▶ _What needs to be done_
Please copy the listing that follows exactly, leaving out any pictures.

▶ _Collected data_
________________________________________
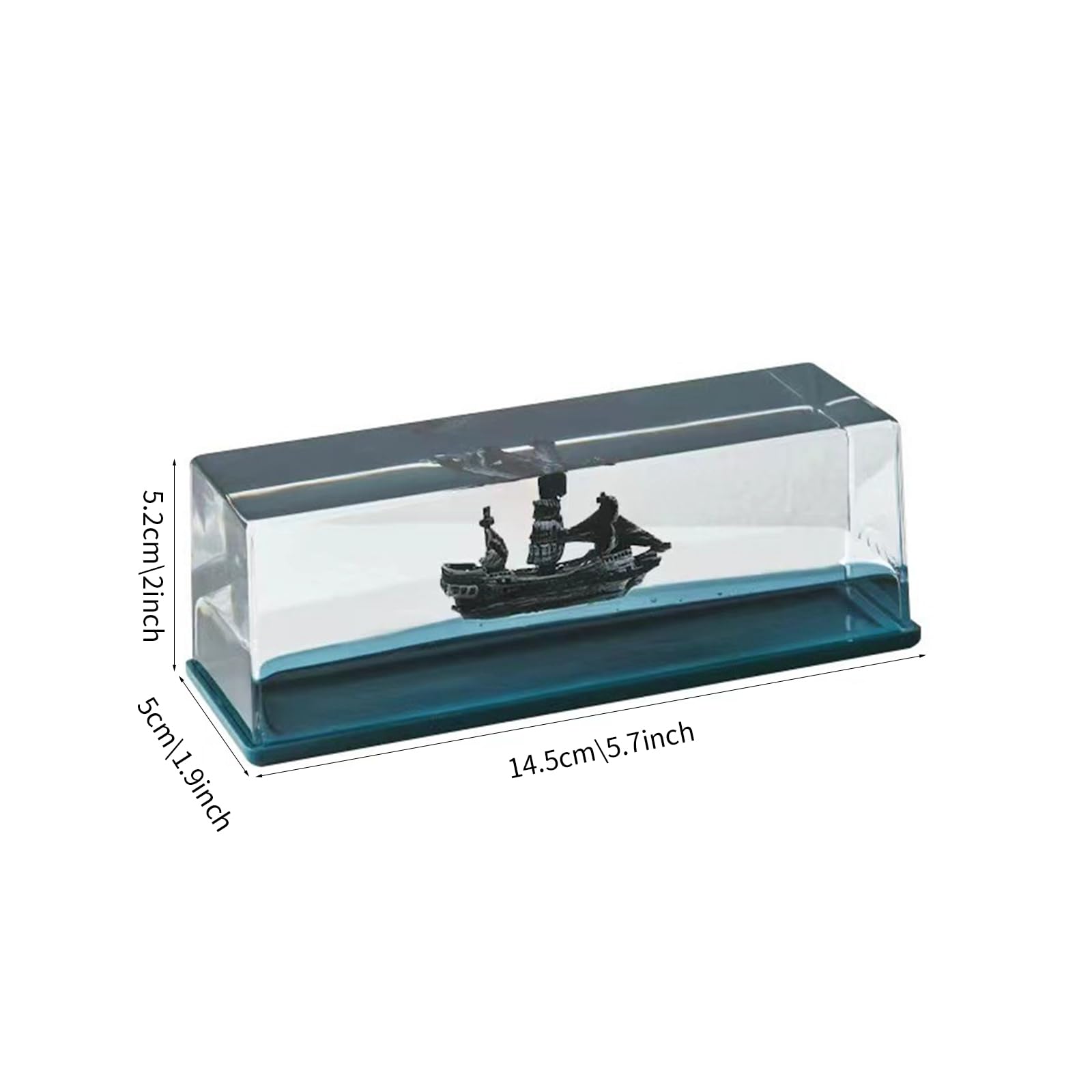 Flacone Liquido per Navi da Crociera, Bottiglia di Fluido di Nave, Decorazione in Acrilico per Nave Pirata, Modello Pirata Ship per Casa, la Decorazione del Tavolo e Auto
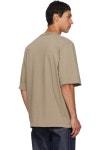 카미엘 포트젠스 Taupe Big T shirt 252109M213003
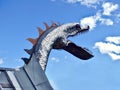 Dragon Head on top of Bishop Castle in Rye, Colorado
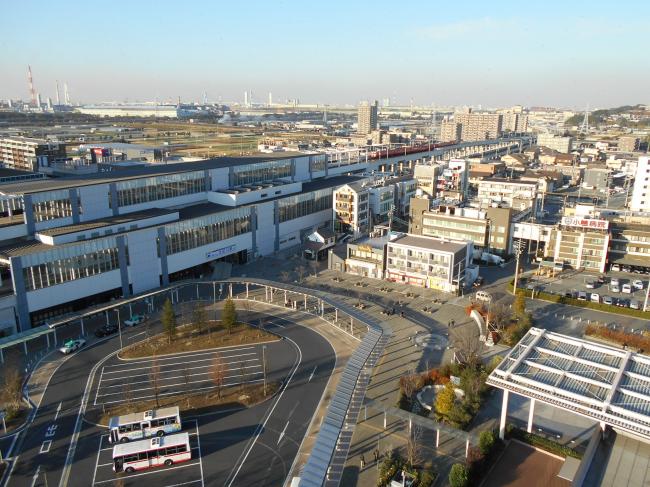 駅前広場の様子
________________________________________
▶ _Response area_
 Flacone Liquido per Navi da Crociera, Bottiglia di Fluido di Nave, Decorazione in Acrilico per Nave Pirata, Modello Pirata Ship per Casa, la Decorazione del Tavolo e Auto
 카미엘 포트젠스 Taupe Big T shirt 252109M213003
 Dragon Head on top of Bishop Castle in Rye, Colorado
 駅前広場の様子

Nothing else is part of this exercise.